На следующий день, роясь в разных пушкинских материалах, Швейцер нашел неизвестную ему до тех пор запись. Со слов поэта Туманского, некий Панков, чиновник одесской таможни, рассказывал автору этой записи, что Пушкин, расставаясь с Каролиной Сабанской, подарил ей свой портрет. Он был написан итальянским художником, жившим в то время в Одессе. На портрете Пушкин был изображен облокотившимся на каменную балюстраду. В одной руке он держал лист бумаги с написанными на нем стихами, посвященными Каролине Сабанской. Художник якобы изобразил на этом листе черной краской первые две строфы этих стихов.
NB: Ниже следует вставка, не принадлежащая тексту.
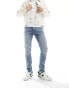 Фото #8 товара ASOS DESIGN skinny jeans in light blue wash with abrasions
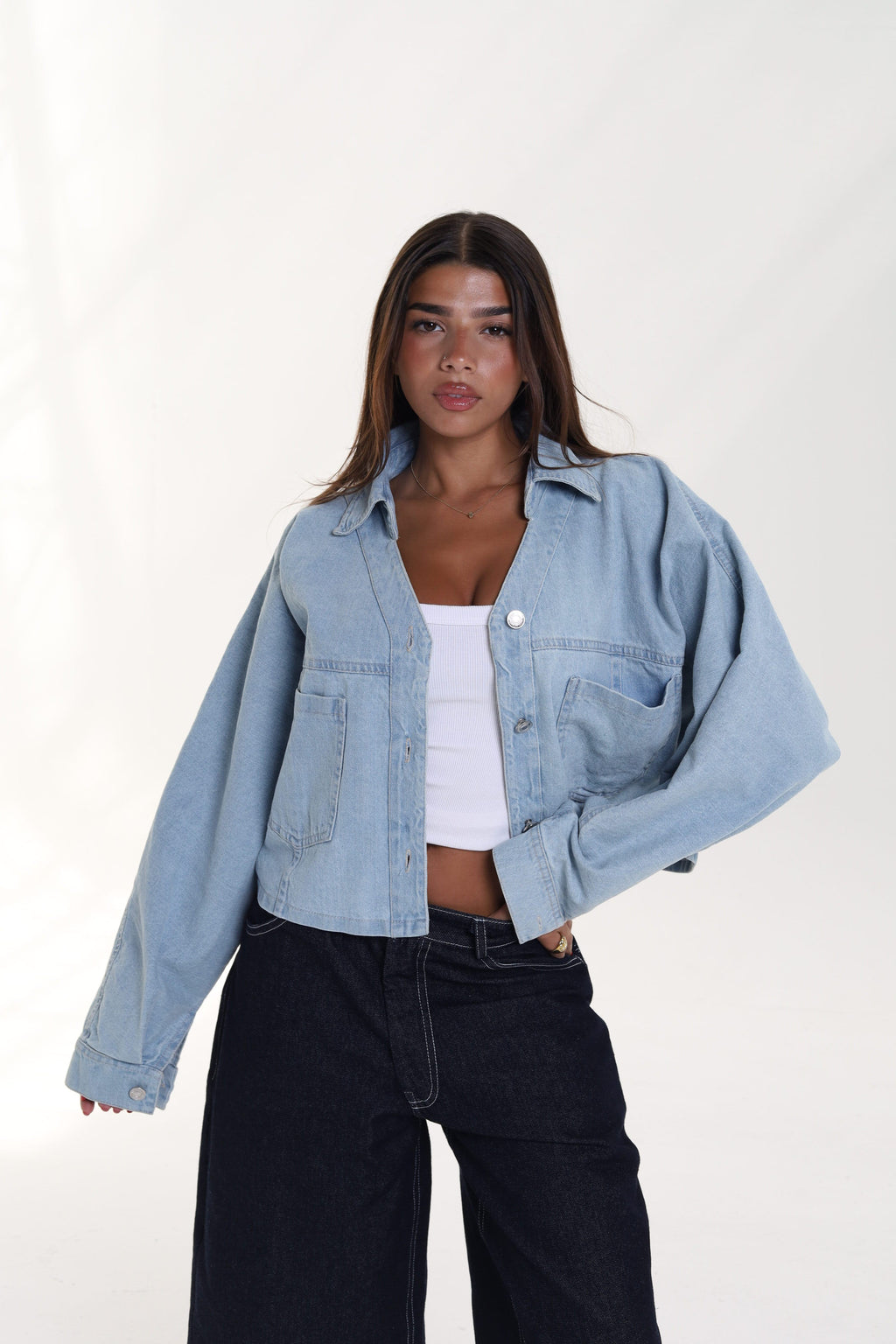 Flowy Denim Shirt with Front Pockets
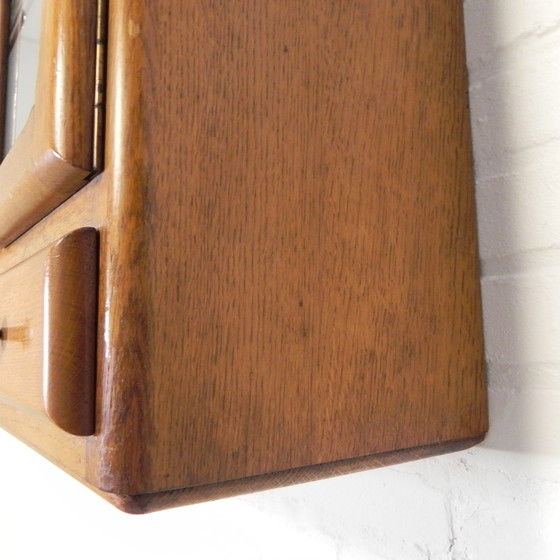 Image 1 of Wall Cabinet With 2 Doors With Figure Glass And 2 Drawers, 1950s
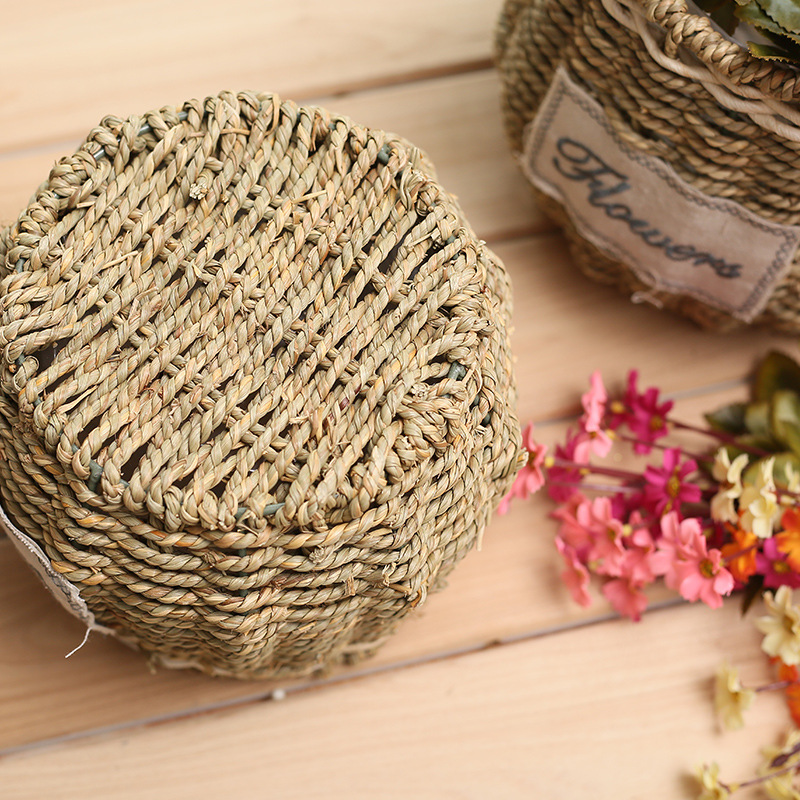 Wholesale Handmade Straw Storage Cheap Belly Seagrass Basket with Lid Low Cost in Vietnam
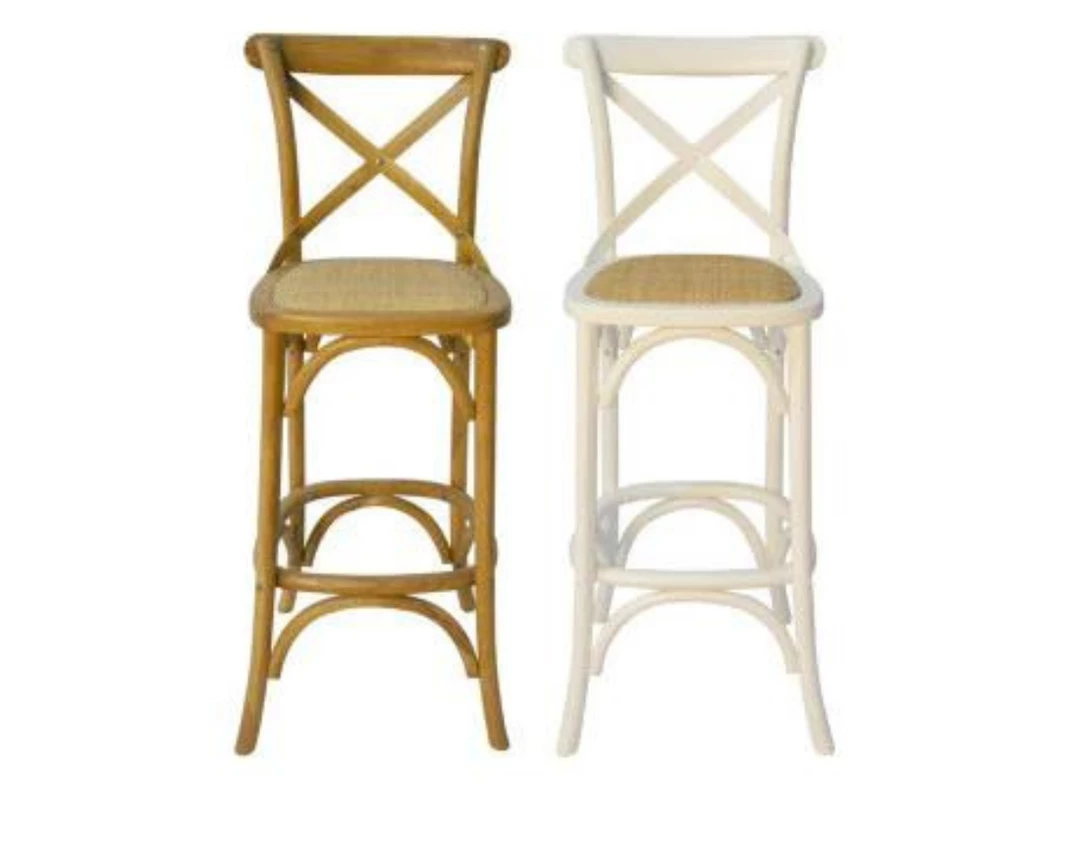Bistrot Stool Cross Back Teak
Швейцер долго в волнении ходил по комнате. Ему чудилось, что он уже держит в руках верную нить. Татьяна Андреевна была права. Портрет от Сабанской перешел к сыну, а потом к внуку Чиркова. Очевидно, портрет в Киеве.

«Но может быть, — подумал Швейцер и остановился, — может быть, на этом портрете записаны неизвестные пушкинские слова!»

Он тут же сел к столу и написал письмо Вермелю, что после Михайловского поедет в Киев разыскивать портрет.

Глава 16

В Феодосии к капитану теплохода «Бессарабия» Черненко вошла толстая и немолодая, но еще красивая караимка — медицинская сестра из местного туберкулезного санатория. Сладко улыбаясь, она сказала, что сопровождает до Ялты больного испанского эмигранта Рамона Перейро. Его отправляют в горный санаторий. Сестра просила отвести для больного теплую и удобную каюту.